Há 15 dias um
escritor e historiador teve um capítulo do livro censurado pelo editor, no
fechamento da edição para impressão, o empresário alegou que investe em ações
de grandes corporações citadas na ficção do autor. Como produzo literatura e
análise crítica estou com a “pulga atrás da orelha” sobre o meu direito de
escrever com liberdade - e todos os cidadãos brasileiros têm uma ameaça
concreta pesando sobre a liberdade de expressão. Nem todos, porém, sabem o que
está ocorrendo. Sempre existiu tendência repressiva contra as obras de arte que
espalham a realidade social. Assim, os problemas sociais são atacados na sua
expressão artística e não mais nas suas causas efetivas.
Levanto algumas
pontas dos véus negros que costumam cobrir esses atrapalhos do poder.
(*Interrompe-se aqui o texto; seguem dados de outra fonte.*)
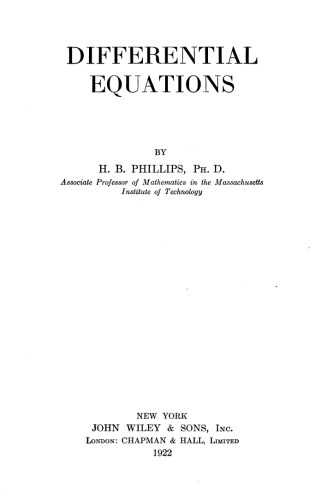 Differential Equations, 1937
Porque, a
aplicar-se o mesmo critério, deveria mandar-se apreender toda a grande
literatura mundial, em que os autores descreveram situações que envolviam
figuras infantis, desde um William Shakespeare, passando por Lewis Carroll até
Wladimir Nabokov. Isto não é nada, comparando-se a todos aliciadores que
manipulam meninas de 12 anos nas esquinas do Brasil. São as cenas reais e
terríveis que muitos pais fazem vista grossa pela fome de pão e aconchego,
retrato da indústria da carência. Nem tanto erudito, mas sensato, acrescento
que nem a Bíblia, na chamada Vulgata Latina, escaparia de condenação, já que
nem a língua casta de Jerônimo disfarça o tratamento obsceno com que foram
violentados os anjos em Sodoma ou o lenocínio de Mardoqueu, no livro de Ester.
E vejo na proibição
uma ação profundamente farisaica. Para o psicanalista Hélio Pelegrino, “a
tarefa do escritor é trabalhar a língua em nome da comunidade” e esse ofício
deve ser estimulado e garantido pelo Estado, através de uma absoluta liberdade
de expressão. De outro lado, não foram poucos os que viram nas cenas de nu
jogos sensuais e narcisismo exacerbado ou a forma gratuita, além de normal, de
temas como a gravidez precoce, entre outros.
Imoral, acima de
tudo, é a intolerância. Trata-se de um tiro no pé, pois a sanção volta-se
contra a intolerância e consagra a liberdade de expressão. Não temos lembrança
de quem proibiu James Joyce, Gustave Flaubert. D. H. Lawrence, Marcel Proust,
entre outros casos famosos. Mas os censurados tornaram-se inesquecíveis.
A reação do leitor,
do internauta e do telespectador brasileiro tem sido a solidariedade. País de
fortes tradições católicas, parece haver um consenso que leva a dar atenção ao
que sofre, confortá-lo com a nossa piedade. Claro que são de diversa natureza
os motivos que levam o público a procurar o que foi proibido, desde os tempos
imemoriais do paraíso terrestre, onde o fruto proibido era o mais apetecido (e
continua sendo), mas no geral constata-se uma atenção toda especial para com o
censurado. Ao contrário do que poderia esperar a censura, o livro ou as cenas
de cinema, novela ou teatro adquirem um charme adicional com a proibição. O
estigma funciona ao contrário. Como se vê, os critérios são vagos e são os
costumes que realmente cumprem a função de interpretar as leis. Uma curiosidade
cruel: essas diversas censuras sempre perseguiram os contemporâneos, excluindo
por norma, os clássicos. É claro que a história não demora muito a transformar
contemporâneos em clássicos mas, enquanto isso não ocorre, nenhum espírito por
mais conservador que seja vem a indignar-se quando lê a palavra whore ou bitch (“puta”) em Shakespeare.